Sponsored By

The AI text-to-speech "translations" to create fictional languages are still in the experimental phase.

Bryant Francis, Senior Editor

March 29, 2024

5 Min Read
A screenshot from Final Fantasy XVI. A young man stands next to a Chocobo.

At a Glance

  • In a GDC 2024 talk, Square Enix AI researcher Yusuke Mori showed off his experiments in fictional language generation.
  • The tool combines calibrated word-swapping with basic text-to-speech execution.
  • Mori also broke down the risks of using such technology in a casual manner.

After discovering I had a surprise opening in my schedule at the 2024 Game Developers Conference, I glanced at one of the digital displays showing off the day's events. One talk in the Machine Learning Summit caught my eye: "Machine Learning Summit: Fictional Speech Synthesis to Avoid the Risk in Generative Contents."

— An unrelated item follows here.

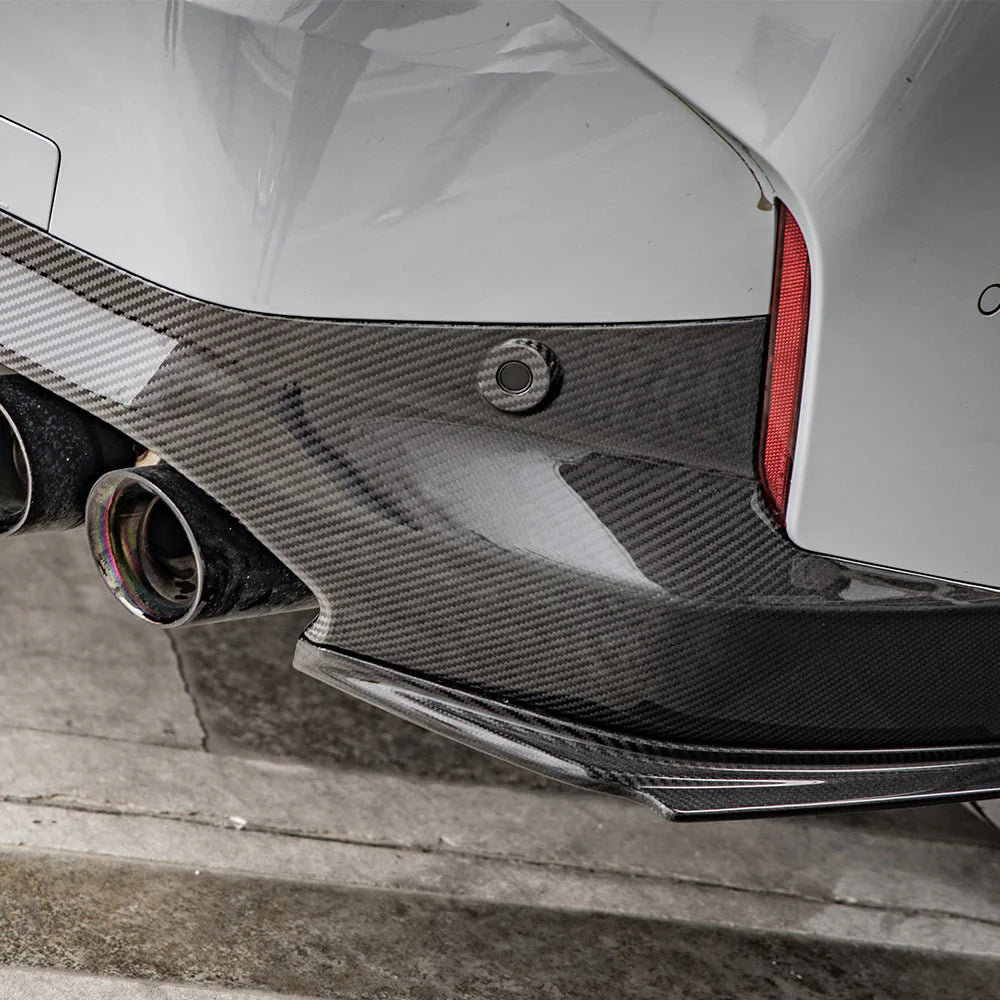 Prepreg Carbon Fiber Side Rear Diffuser Bumper Trim - BMW G42 2 Series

"Fictional Speech Synthesis?" That was neat. Any fantasy fan worth their salt knows how much work has gone into fictional languages like Elvish in The Lord of the Rings and Klingon in Star Trek. It's a passion-led project that makes for great worldbuilding. Was Square Enix hoping to use technology to efficiently employ this linguistic technique this in its many fantasy games?

The answer: it's unclear. AI researcher Yusuke Mori didn't indicate if his research was being employed in any active game production. The talk was close to an academic presentation that explored research and possible methodologies for using technology, not active development.

Still, capturing a slice of his work was intriguing. What he presented didn't seem immediately useful for someone hoping to take on Game of Thrones, but it resembled a more refined version of Simlish in The Sims franchise or the various babbling of characters in the Animal Crossing series.

Related:SAG-AFTRA says terms of controversial AI voice deal will inform future negotiations

Here's a quick breakdown of what Mori showed off.

Square Enix's AI tool supports dynamic and static language generation

Mori showed off a pair of demos that explained how the technology could be employed in digital environments. The first showed how the tool could be used to translate the opening line of Herman Melville's Moby Dick, the second displayed how players might encounter these languages in a 3D space.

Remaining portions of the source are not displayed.